MUFG will aim for sustainable growth and increase of corporate value over the medium- to long-term, in consideration of the perspectives of its stakeholders including shareholders as well as customers, employees and local communities.
MUFG will aim to realize effective corporate governance through fair and highly transparent management based on the guidance provided by these Policies.

2-2. Role as a holding company

As a financial holding company, MUFG will aim to increase the corporate value of the Group as a whole through management of subsidiaries to ensure the sound and appropriate management of the entire Group.

2-3. MUFG’s governance structure

MUFG has chosen the governance structure of a company with three committees (a company prescribed in Article 2, item (xii) of the Companies Act) from the following perspectives.

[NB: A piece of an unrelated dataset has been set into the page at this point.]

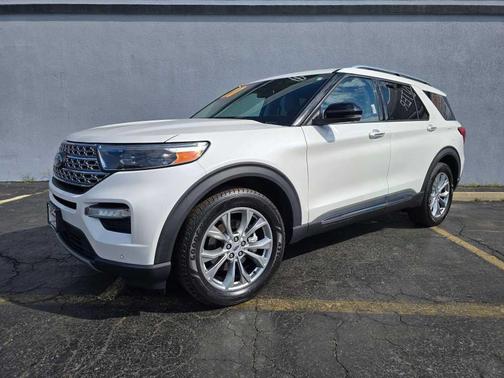 2020 Ford Explorer Limited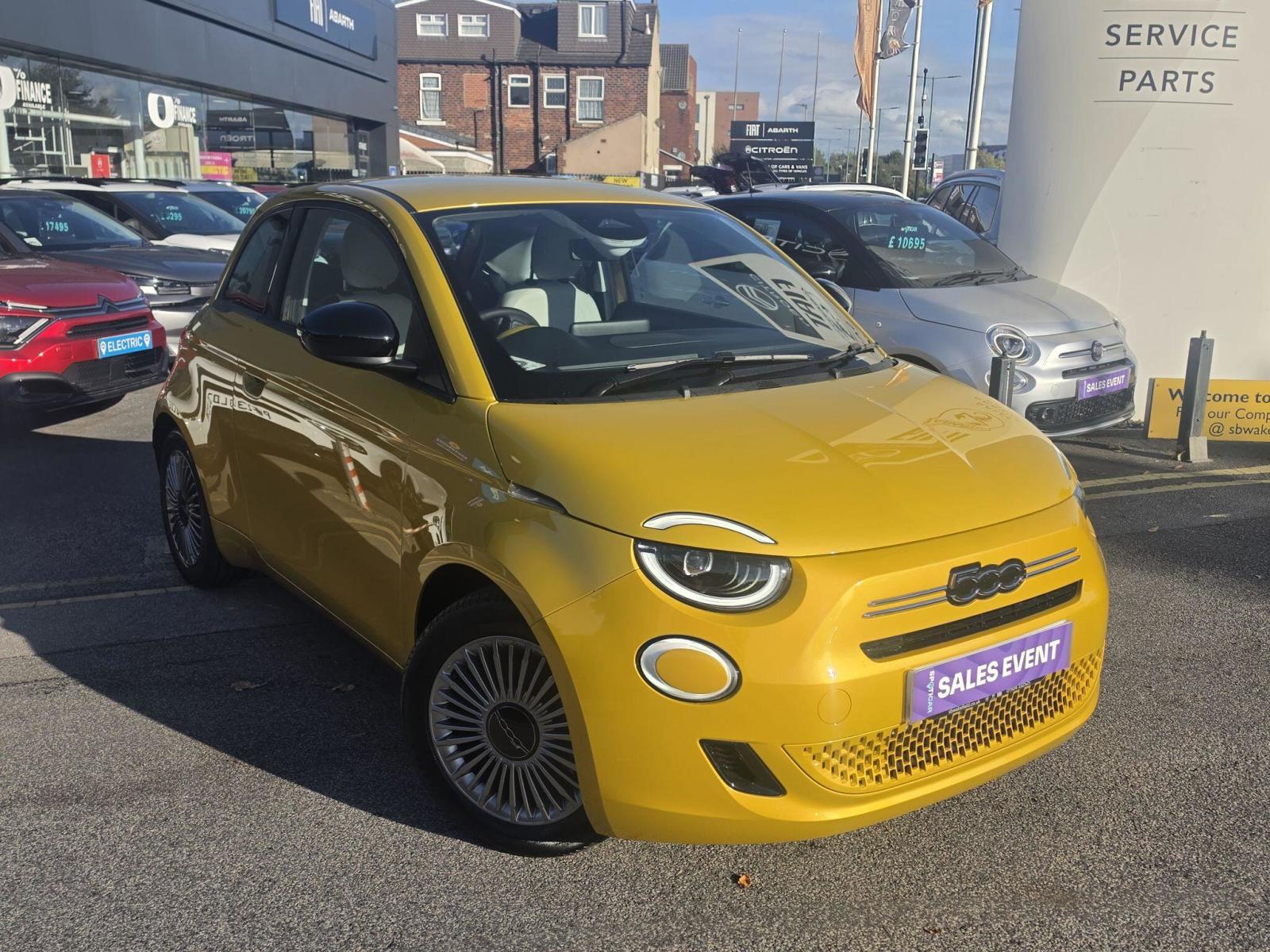 2026 Fiat 500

  • ·To enhance the flexibility of management by division of executive and oversight functions, while also creating a strucure whereby the Board of Directors oversees management of the entire Group.
  • ·To build an efficient and highly effective corporate governance structure through coordination among the Board of Directors, committees required by the Companies Act (a Nominating and Governance Committee,(note2) Compensation Committee and Audit Committee) and optional committees (a Risk Committee) etc.
    (note2)
    Which is a “nominating committee” as provided for in the Companies Act.
  • ·To realize a corporate governance structure with even greater accountability to domestic and overseas stakeholders.

3. Role of the Board of Directors

3-1. Role of the Board of Directors

The Board of Directors decides key management policies and is responsible for management oversight. Decisions on matters of business execution other than specific matters stipulated by laws and regulations shall in principle be delegated to corporate executive officers; provided, however, that decisions on particularly important matters of business execution shall be made by the Board of Directors.
The matters performed by the Board of Directors are as follows.

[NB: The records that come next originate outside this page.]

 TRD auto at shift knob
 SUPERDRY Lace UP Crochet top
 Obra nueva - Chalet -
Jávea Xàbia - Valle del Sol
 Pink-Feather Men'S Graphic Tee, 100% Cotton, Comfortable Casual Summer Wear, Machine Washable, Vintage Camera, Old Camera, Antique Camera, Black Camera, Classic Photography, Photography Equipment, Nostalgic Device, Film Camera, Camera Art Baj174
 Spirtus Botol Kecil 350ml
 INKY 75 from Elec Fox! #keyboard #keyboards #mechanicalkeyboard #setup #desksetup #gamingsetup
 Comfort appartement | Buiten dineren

  • ·Decisions on key management policies such as business strategy, risk management policy, capital policy and resource allocation for the entire Group.
  • ·Oversight of the execution of duties by directors and corporate executive officers.
  • ·Decisions on the MUFG Group’s internal controls system, and oversight of the establishment and operation of such systems.
  • ·Election of corporate executive officers.
  • ·Oversight of matters such as the development of the corporate governance structure and the establishment of a sound corporate culture.

4. Duties of Directors

4-1. Duties of Directors

Directors, as elected by the shareholders and entrusted as managers, owe a duty of loyalty and a duty of care in respect of the execution of their duties, and shall contribute to MUFG’s sustainable growth and increase of corporate value over the medium- to long-term.
Directors shall make timely and appropriate decisions on investment and other management matters based on the reasonable collection of information.
Directors shall thoroughly review reports and proposals from management and request explanations or express opinions as necessary for discussion.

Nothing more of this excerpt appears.